Task brief:
Drop the pictures; give again exactly the lines from the one holding "Thụy Phương to Tân Hưng map" through the end of the data.

Raw data:
★ ★ ★

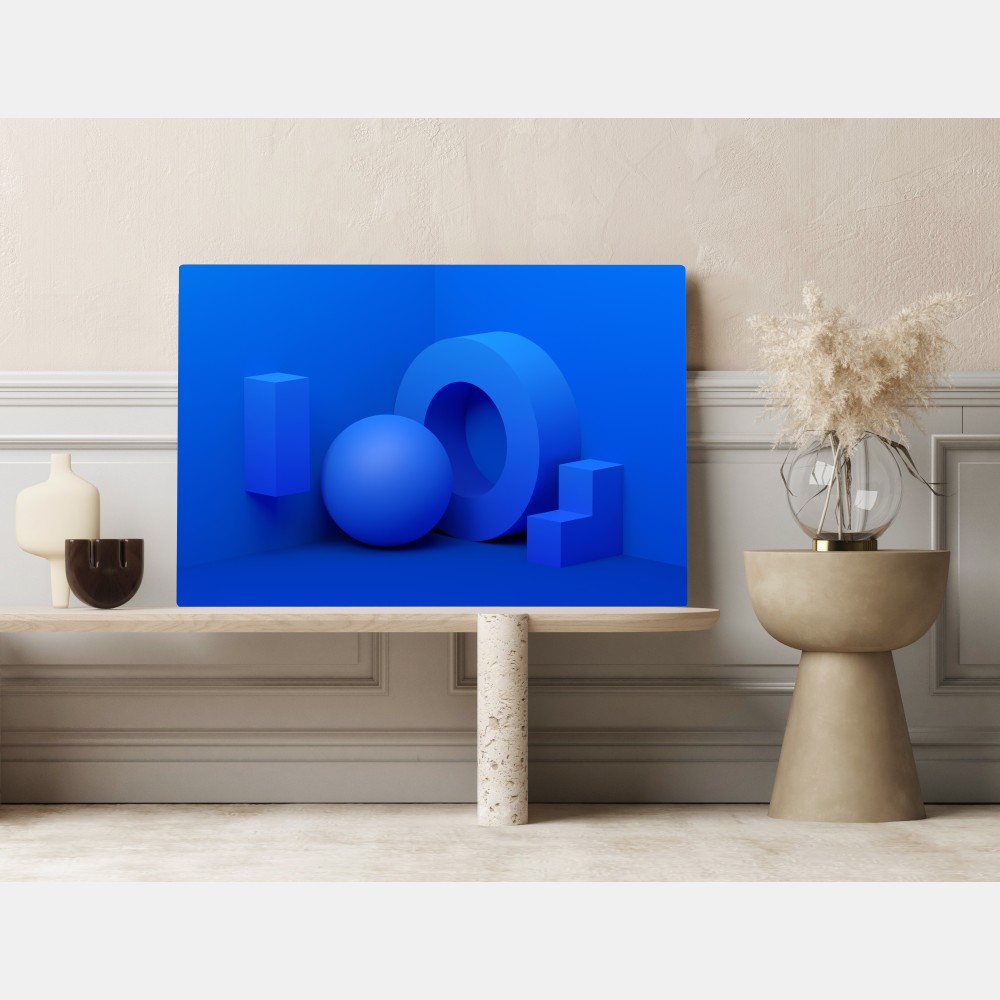 Leinwandbild blaue geometrische 3d-komposition – Wallnifity® Leinwandbild blaue geometrische 3d-komposition – Wallnifity®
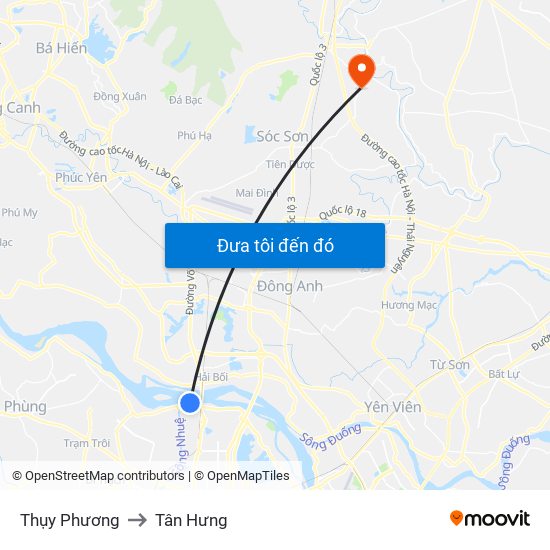 Thụy Phương to Tân Hưng map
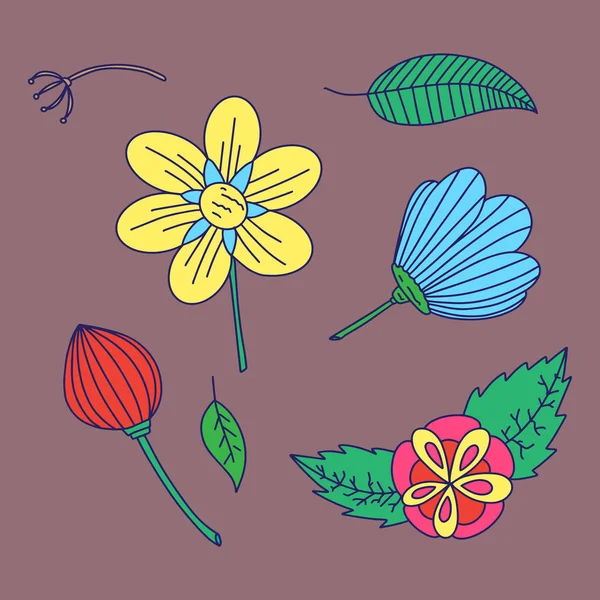 Planta Botânica Floral Desenhada Mão Doodle Elementos Vetoriais Selvagem Livre — Vetor de Stock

★ ★ ★

Task result:
 Thụy Phương to Tân Hưng map
 Planta Botânica Floral Desenhada Mão Doodle Elementos Vetoriais Selvagem Livre — Vetor de Stock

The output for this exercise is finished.